I want to make a small function that does some fetching in the background for my application, so I want my application to continue normal execution after calling this (so this should be non-blocking). I want this to run on a scheduled thread every X seconds. To do so I have the following:
def start(self):
sync_thread = threading.Timer(30, self.readMessages(self.queue, self.client))
sync_thread.start()
where queue and client are initialized in the __init__ function and assigned to self.
The first start for the thread and invocation to my readMessages function works well, though currently after 30 seconds I get the following error:
Exception in thread Thread-4:
Traceback (most recent call last):
File "/usr/local/lib/python3.8/threading.py", line 932, in _bootstrap_inner
self.run()
File "/usr/local/lib/python3.8/threading.py", line 1254, in run
self.function(*self.args, **self.kwargs)
TypeError: 'NoneType' object is not callable
Any idea what to do with it, or is there a better way to do this?
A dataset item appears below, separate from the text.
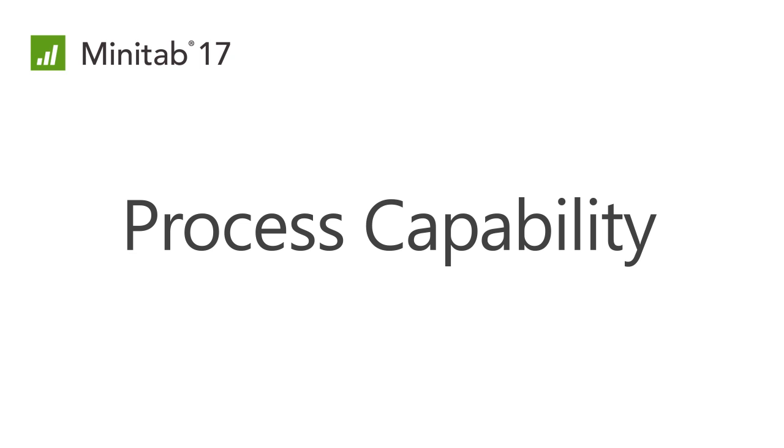Welcome to the Process Capability Webcast. The main purpose of this webcast is to help you learn how to run capability analysis and calculate CPK and PPK using Minitab.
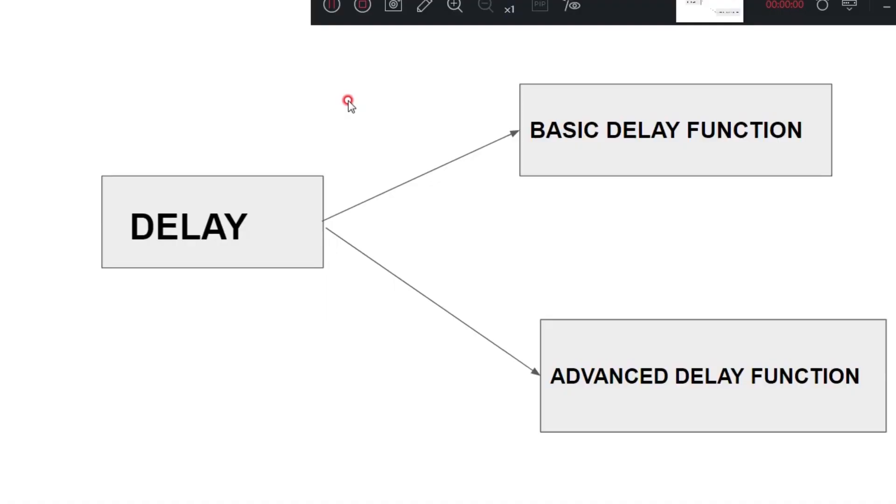In this video, I am going to explain how to generate a delay in ARM controllers. Delay is the most important function in all embedded programs. Here I am explaining two delay functions: basic delay function and advanced delay function.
CodePudding user response:
You are getting the TypeError: 'NoneType' object is not callable because the threading.Timer routine is trying to call the function you passed, however, as @CherryDT mentionned in the comments, you didn't pass any function, rather you passed the return value of the readMessage method in your class.
What you need to do instead is:
def MinPrinter:
def __init__(self, xs):
self.xs = xs
def callback(self, xs): # This is your 'readMessages' function
print(min(xs))
def start(self, n):
t = threading.Timer(n, self.callback, args=(self.xs,))
t.start()
mp = MinPrinter([1, 2, 0, 3, -1])
mp.start(30)
# Will print after 30 seconds
-1
Arguments need to be specified with the args parameter. Optionnaly, you can also pass keyword arguments using the kwargs parameter (need to pass a dictionnary).
CodePudding user response:
try
def start(self):
sync_thread = threading.Timer(30, self.readMessages, args=(self.queue,
self.client))
sync_thread.start()
you should pass a callable object to timer and when you use self.readMessages(self.queue, self.client) you are executing the function and not passing it.
and anyway using Timer will not give you what you want. it will call the function self.readMessages once after 30 seconds but it will not repeat every 30 seconds.
a (very) simple way of doing it
from threading import Thread
from sched import scheduler
import time
class SchedTask(Thread):
def __init__(self, interval, task, task_args=()):
super().__init__()
self.scd = scheduler(time.time, time.sleep)
self.interval = interval
self.task = task
self.task_args = task_args
def schedual_task(self):
self.scd.enter(self.interval, 1, self.schedual_task)
self.task(self.task_args)
self.scd.run()
def run(self):
self.schedual_task()
Then in you code you can use it like that
def t(*args):
print("i am a task")
st = SchedTask(5,t)
st.start()
#rest of your code
...
there are many ways of doing this but this is just a simple example.